Character sets, applescript, and the web [almost ASCII]
Character sets, applescript, and the web [almost ASCII]
- Subject: Character sets, applescript, and the web [almost ASCII]
- From: Brian Johnson <email@hidden>
- Date: Mon, 3 Dec 2001 09:23:03 -0800 (PST)
The recent "ASCII" discussion has pushed me over the edge, so I'm going to
try and fix a problem I've had for some time related to this. I'm hoping
that some of you have a better grasp on this than I do! I need to know how
to properly support different system character sets in CGIs. Here's what I
think so far ....
1. A mac web server sends out an HTML file to a browser. Interpretation of
the characters in this file depends on the presence of a "Meta charset"
tag, or defaults to a browser default.
2. The user types text into an INPUT or TEXTAREA field, using their
native language and all appropriate characters.
3. (Does the browser covert the text to the charset of the HTML?) The
browser then sends this text, after URL-encoding, to the server.
4. The server simply passes the form arguments through to the CGI, right?
(Do W*, Apache, WebTen, QPQ, PWS, etc. all do the same thing here?)
5. The CGI decodes the URL and gets ... (what? MacRoman? Latin1? does it
depend on the language config of the host? English vs. whatever?)
6. The CGI may optionally use various OSAX to get date strings, etc. What
charset do these come in?
7. The CGI (in my case) writes the user's input to the same HTML file that
started it all, presumably honoring the local character set.... (Ha!)

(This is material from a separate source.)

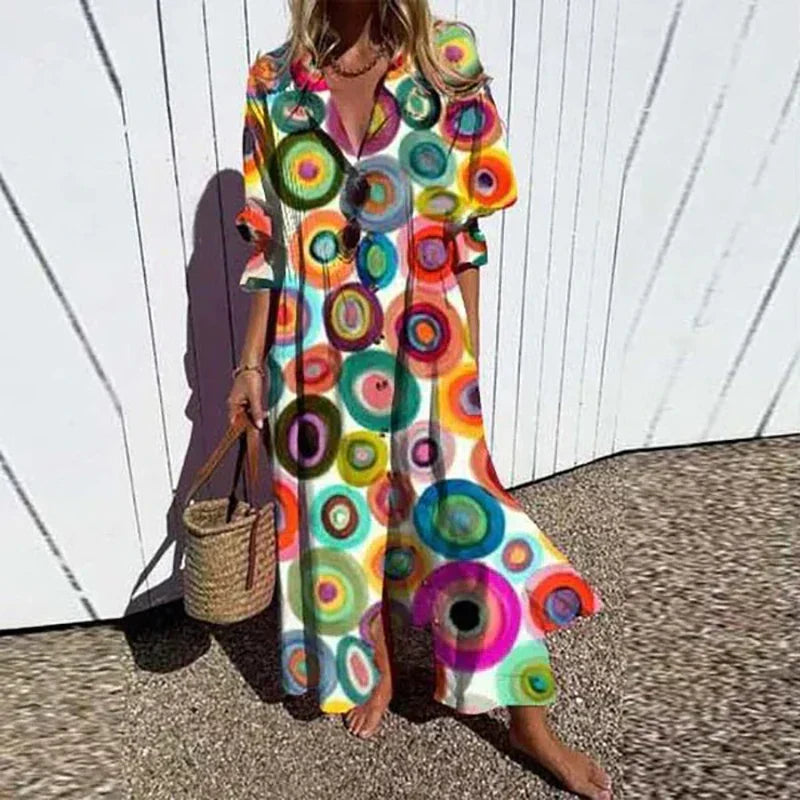 Catherine | Women’s Boho Floral Long Sleeve Maxi Dress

I've got clients who use the CGI (ConfeWeb) with non-roman scripts like
Chinese and say it works just fine. I've got others who just want accents
and umlauts who can't seem to get what they need. I'd like to understand
all this. Is there an easy way to reliably simulate (on a US system) input
from a non-US system? Does the server's language setting play in this?
Any and all input is most welcome!
Brian Johnson, Dept of Architecture, University of Washington, Seattle
ConferWeb:
http://www.caup.washington.edu/software/
p.s. I recall reading that the 8th ASCII bit was originally meant as a
parity bit in the rs232 standard. It (and it's 128 hi-ascii characters)
got hijacked in the '80s. And, of course, different folks had different
ideas on how to use them. We had a charset ROM for an early PC (iirc) that
had fragments of integral signs and sigmas in the upper-ascii area, along
with a word-processor for doing equations, etc.